# Successful Day



## sKramer (Feb 20, 2011)

Today I came home from work and needed to feed the horses, so I grab my sling and a pocket full of ammo and head out. Right as I walk out the back door I see a couple of doves in the tree about 100 feet away so I put a stalk on them. I get within reasonable range and fire a shot and it nails the branch 1mm away from the doves head! They fly away into the distance... I keep walking back to the pasture and I get to where my chikens lay most of their eggs(I don't have a box for them, they lay them in bushes and such) when I see this little squrriel chowing down on an egg! Making me very upset I look down at my 3/8" and think of all the comments on how its to small for anything with furr. Then I say to myself, "Lets just make it a headshot." I load my steel and take draw...take a breath...release. SMACK! Right in the head! He starts kicking and by the time I look down to load another ball and look back up he was dead. So thats one less squrriel thats going to eat my future chickens!

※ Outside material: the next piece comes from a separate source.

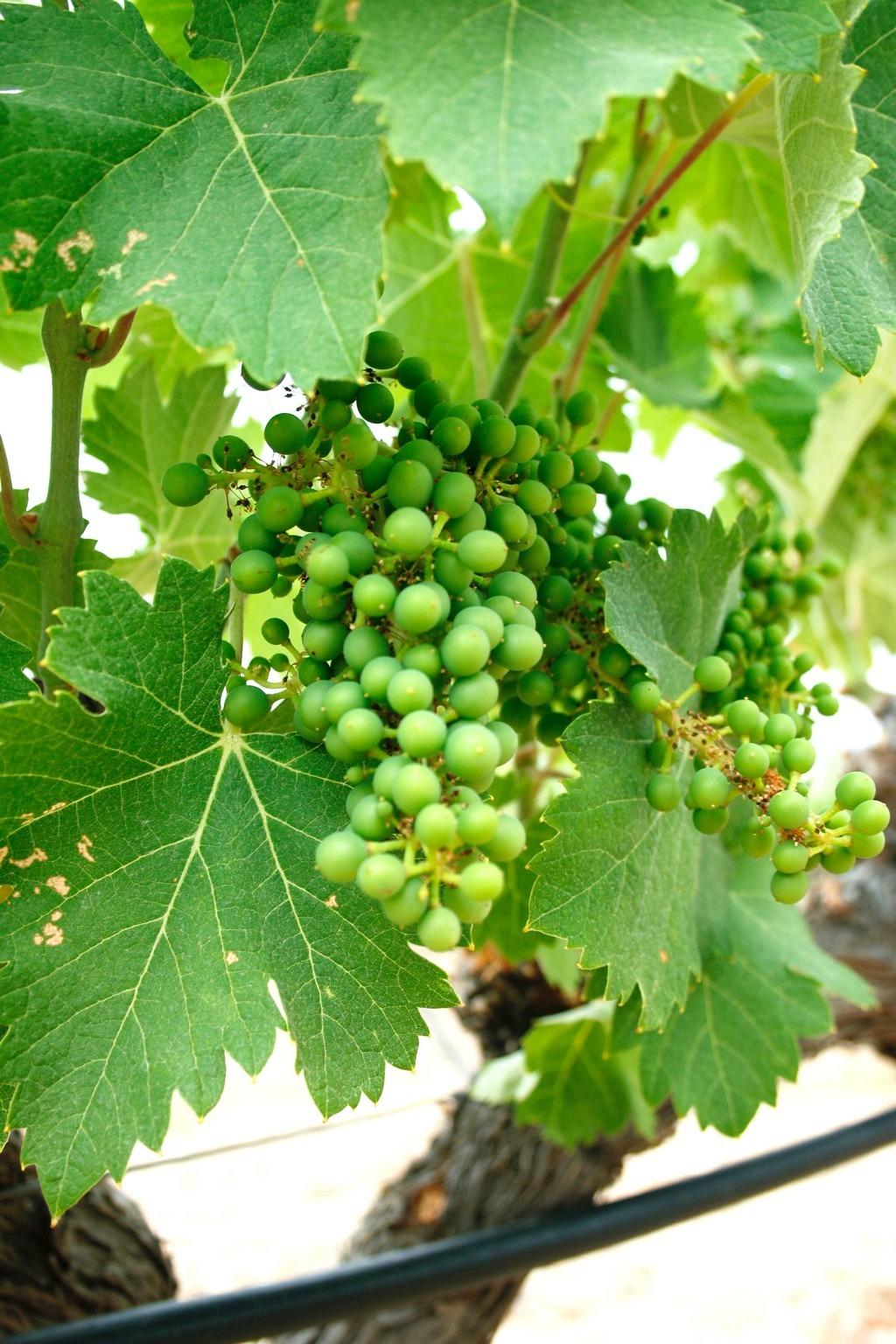 6 Bed, 5 Bath, HouseFor Sale, Yecla, Murcia 6 Bed, 5 Bath, HouseFor Sale, Yecla, Murcia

Before I get input on my choise of ammo, I am going to upgrade to .45 lead. That **** squrriel just pissed me off.
Sorry for the poor quality pictures, it was from my cell phone.
enjoy


----------



## NaturalFork (Jan 21, 2010)

nice shot!


----------



## Ruu (Mar 27, 2011)

Great shot!
The ends justified the means - one dead egg thief!
Ruu


----------



## philly (Jun 13, 2010)

Good shot Scott, happy to see you are getting alot of use out of the Moose. Well done Bud.
Philly


----------



## Xidoo (Aug 14, 2010)

sKramer,
Great shot at the right spot. 3/8 might be small amo,but you sure get the best out of it.Saludos.


----------



## e~shot (Jun 3, 2010)

Nice Shooting again.


----------



## Nico (Sep 10, 2010)

Yeah!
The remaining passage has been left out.